─── Listed entries ───

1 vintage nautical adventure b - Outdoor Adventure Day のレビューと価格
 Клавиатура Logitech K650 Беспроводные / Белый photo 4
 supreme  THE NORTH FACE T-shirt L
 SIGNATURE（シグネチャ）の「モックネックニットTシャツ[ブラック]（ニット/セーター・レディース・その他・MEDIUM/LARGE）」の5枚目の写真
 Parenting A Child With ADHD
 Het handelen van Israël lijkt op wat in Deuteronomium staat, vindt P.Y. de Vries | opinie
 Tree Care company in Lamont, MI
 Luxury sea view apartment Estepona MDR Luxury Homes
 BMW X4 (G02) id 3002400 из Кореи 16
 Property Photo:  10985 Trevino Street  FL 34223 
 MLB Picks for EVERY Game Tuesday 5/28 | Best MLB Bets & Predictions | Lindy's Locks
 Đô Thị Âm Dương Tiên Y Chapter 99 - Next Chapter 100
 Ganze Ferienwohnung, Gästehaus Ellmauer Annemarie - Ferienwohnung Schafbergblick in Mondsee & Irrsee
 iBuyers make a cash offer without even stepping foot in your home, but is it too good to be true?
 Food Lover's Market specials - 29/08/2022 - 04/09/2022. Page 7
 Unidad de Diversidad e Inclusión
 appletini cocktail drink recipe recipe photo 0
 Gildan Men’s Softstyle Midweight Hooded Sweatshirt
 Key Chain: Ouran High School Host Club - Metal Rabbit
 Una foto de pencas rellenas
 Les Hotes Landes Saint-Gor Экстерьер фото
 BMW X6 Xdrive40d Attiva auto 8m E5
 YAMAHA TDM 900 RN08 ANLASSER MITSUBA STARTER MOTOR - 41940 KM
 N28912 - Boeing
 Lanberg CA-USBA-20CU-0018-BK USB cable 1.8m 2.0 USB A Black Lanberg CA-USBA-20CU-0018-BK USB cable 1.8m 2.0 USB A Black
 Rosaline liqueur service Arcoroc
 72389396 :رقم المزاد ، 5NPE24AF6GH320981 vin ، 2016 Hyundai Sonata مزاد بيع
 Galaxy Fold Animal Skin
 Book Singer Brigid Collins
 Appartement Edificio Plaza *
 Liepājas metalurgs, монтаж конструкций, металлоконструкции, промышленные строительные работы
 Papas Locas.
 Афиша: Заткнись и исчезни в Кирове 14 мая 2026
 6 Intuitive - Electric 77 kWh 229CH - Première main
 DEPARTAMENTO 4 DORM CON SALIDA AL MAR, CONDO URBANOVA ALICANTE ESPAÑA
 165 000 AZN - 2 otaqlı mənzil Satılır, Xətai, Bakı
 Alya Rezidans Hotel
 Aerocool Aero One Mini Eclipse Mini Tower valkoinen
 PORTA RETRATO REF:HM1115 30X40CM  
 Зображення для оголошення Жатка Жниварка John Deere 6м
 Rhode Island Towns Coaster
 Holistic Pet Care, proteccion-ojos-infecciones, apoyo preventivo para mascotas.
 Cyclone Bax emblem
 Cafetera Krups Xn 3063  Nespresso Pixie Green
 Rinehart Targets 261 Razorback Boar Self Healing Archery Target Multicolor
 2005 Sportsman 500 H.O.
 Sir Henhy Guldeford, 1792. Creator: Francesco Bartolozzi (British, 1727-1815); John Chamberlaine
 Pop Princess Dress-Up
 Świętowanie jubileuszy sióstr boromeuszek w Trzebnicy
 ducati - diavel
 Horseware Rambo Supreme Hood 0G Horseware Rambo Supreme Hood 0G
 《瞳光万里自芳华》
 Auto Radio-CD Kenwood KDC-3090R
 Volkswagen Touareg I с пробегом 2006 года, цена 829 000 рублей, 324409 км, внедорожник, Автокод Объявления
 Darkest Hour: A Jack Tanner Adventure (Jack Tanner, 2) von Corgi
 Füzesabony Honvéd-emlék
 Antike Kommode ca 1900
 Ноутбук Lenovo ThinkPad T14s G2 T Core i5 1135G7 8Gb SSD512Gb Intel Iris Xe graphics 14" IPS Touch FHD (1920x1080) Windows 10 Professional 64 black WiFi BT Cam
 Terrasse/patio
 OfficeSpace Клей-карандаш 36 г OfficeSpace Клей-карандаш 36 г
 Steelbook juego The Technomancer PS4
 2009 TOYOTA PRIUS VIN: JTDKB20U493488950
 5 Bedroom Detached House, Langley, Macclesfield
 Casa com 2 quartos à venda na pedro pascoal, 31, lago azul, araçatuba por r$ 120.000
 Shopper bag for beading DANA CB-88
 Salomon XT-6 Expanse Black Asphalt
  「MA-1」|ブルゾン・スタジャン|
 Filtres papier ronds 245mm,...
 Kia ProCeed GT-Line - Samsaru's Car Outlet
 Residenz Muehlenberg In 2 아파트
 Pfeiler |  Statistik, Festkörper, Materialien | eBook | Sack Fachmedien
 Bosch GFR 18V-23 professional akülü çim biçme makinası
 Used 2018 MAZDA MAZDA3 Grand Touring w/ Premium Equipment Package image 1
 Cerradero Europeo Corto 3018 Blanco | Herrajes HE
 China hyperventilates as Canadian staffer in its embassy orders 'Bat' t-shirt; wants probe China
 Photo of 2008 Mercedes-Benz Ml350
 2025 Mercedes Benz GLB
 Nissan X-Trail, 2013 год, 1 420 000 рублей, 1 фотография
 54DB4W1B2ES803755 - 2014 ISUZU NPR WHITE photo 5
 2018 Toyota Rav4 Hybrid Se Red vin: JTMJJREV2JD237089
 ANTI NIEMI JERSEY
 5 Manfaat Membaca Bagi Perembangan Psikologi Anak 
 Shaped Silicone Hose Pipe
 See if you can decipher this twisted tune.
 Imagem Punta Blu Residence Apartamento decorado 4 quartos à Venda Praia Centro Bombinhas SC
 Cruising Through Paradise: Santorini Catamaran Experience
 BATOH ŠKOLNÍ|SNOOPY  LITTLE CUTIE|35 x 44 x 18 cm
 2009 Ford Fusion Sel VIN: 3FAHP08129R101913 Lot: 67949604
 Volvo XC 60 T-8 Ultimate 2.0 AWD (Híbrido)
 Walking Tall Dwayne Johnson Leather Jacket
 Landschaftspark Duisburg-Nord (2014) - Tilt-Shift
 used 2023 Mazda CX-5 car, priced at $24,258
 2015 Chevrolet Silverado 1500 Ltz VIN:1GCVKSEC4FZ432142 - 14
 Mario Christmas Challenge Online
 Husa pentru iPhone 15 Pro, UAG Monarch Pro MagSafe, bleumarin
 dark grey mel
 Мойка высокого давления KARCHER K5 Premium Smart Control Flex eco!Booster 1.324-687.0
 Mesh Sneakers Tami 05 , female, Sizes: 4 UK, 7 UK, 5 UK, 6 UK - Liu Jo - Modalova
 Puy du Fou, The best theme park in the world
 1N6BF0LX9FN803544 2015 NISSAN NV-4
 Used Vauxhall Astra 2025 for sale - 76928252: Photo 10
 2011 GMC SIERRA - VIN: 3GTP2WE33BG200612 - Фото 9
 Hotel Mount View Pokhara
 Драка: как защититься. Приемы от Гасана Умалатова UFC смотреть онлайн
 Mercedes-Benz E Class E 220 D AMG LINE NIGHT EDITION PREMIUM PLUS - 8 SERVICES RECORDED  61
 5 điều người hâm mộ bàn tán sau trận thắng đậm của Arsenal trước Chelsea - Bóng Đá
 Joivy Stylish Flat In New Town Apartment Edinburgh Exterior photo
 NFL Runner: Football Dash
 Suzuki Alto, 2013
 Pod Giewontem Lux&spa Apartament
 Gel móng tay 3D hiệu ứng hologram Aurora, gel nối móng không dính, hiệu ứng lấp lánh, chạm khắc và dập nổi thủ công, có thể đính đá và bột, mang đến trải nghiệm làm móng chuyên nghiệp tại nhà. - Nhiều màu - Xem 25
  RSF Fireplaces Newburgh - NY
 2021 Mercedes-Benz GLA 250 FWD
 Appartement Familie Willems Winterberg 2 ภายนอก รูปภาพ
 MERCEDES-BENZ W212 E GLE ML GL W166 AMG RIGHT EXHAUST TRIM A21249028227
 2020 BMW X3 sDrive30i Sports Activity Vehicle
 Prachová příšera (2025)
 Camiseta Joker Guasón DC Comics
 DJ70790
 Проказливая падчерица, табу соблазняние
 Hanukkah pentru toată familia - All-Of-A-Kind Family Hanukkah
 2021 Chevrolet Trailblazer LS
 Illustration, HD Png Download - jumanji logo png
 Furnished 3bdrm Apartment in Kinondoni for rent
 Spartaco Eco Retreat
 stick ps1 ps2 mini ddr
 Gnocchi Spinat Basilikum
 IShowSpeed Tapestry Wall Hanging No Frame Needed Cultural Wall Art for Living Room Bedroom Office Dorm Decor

───

Look for the string "Adventure" in the records, and copy every line where it is found.

The answer -
1 vintage nautical adventure b - Outdoor Adventure Day のレビューと価格
 Darkest Hour: A Jack Tanner Adventure (Jack Tanner, 2) von Corgi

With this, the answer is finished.